Foles also made it into the record books, becoming the first player in NFL history to throw for and catch touchdown passes in the Super Bowl. He estimates the Eagles had practiced the play, called “Philly special,” for about a month. Sunday night, just before halftime, practice paid off.
“I was like, ‘Let’s just run it,'” Foles said. “It was a good time, and the end was a little wider than I thought, so I was like, ‘I really need to sell like I’m not doing anything.’ And it worked. Trey (Burton) made an amazing throw, right on the money.”
It’s been a long journey for Foles, now 29. Drafted by the Eagles in the third round (88th overall) of the 2012 NFL draft, Foles spent the first three seasons of his professional career with Philadelphia. He had his breakout season in 2013, leading the Eagles to the NFC East title and a playoff appearance.
But it didn’t last. In March 2015, Foles was traded to the Rams for Sam Bradford and a 2015 fifth-round draft pick. That August, Foles signed a two-year extension through 2017.
Then came the slide. Foles was benched for Case Keenum. The Rams made Jared Goff the No. 1 overall pick in the 2016 draft, which led to Foles and the Rams working out his release.
Foles, then 27, had a decision to make. Was he ready to walk away from the game?
He took a few days to let the emotions settle. He went on a fly-fishing and camping trip with his brother-in-law. He talked to his wife Tori. He talked with his family. He prayed about it. That’s not surprising, as someone who plans to become a pastor after football.
“That was the greatest thing in the world for me, because it changed my perspective,” Foles said after arriving in Minnesota for Super Bowl week. “It changed my heart, and I realize how grateful I am to be here.”
Foles decided not to retire yet. Several teams called, but for him, there was only one real choice: He chose to sign as a backup quarterback with the Chiefs for the 2016 season, reuniting him with former Eagles head coach Andy Reid.
“He’s a man that has always believed in me, no matter what has gone on in my career,” Foles said. “He drafted me. I knew that if I played for him, I’d give it one more shot — that he could find the joy. If I had joy in there, he could bring it back out, and he sure did.”

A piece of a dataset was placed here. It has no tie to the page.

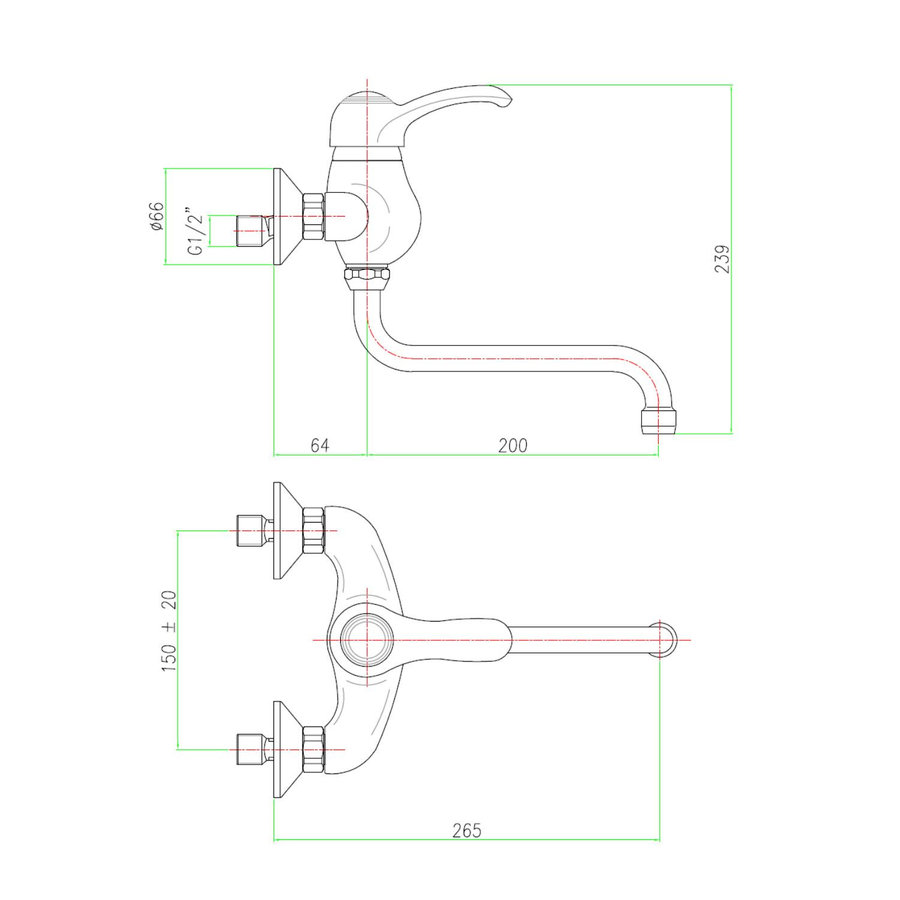 Badmengkraan Sapho Kirké 1-hendel Uitloop Gebogen 20 cm Brons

Foles rejoined the Eagles in March, signing a two-year contract to back up the second-year Carson Wentz. Things were looking up in 2017. The Eagles were rolling.
Then came Week 14 at the Rams, when Wentz suffered a torn ACL.
Foles, though, was ready. He completed 78.8% of his passes, going 26 of 33, for 352 yards and three touchdowns in the Eagles’ 38-7 win against the Vikings in the NFC championship game. And then came his Super Bowl performance, blowing away expectations even of Eagles’ faithful.
“I’m so happy for Nick,” Eagles head coach Doug Pederson said. “A lot of people — a lot like this football team — a lot of people counted him out and didn’t think he could get it done. I believed in him, the staff believed in him, and this whole postseason Nick has shown exactly who he is and what he can do and what he is capable of doing. He’s well deserved of the honor, but I know that he would give credit where credit is due, and he had a lot of playmakers tonight make plays for him on both sides of the ball.”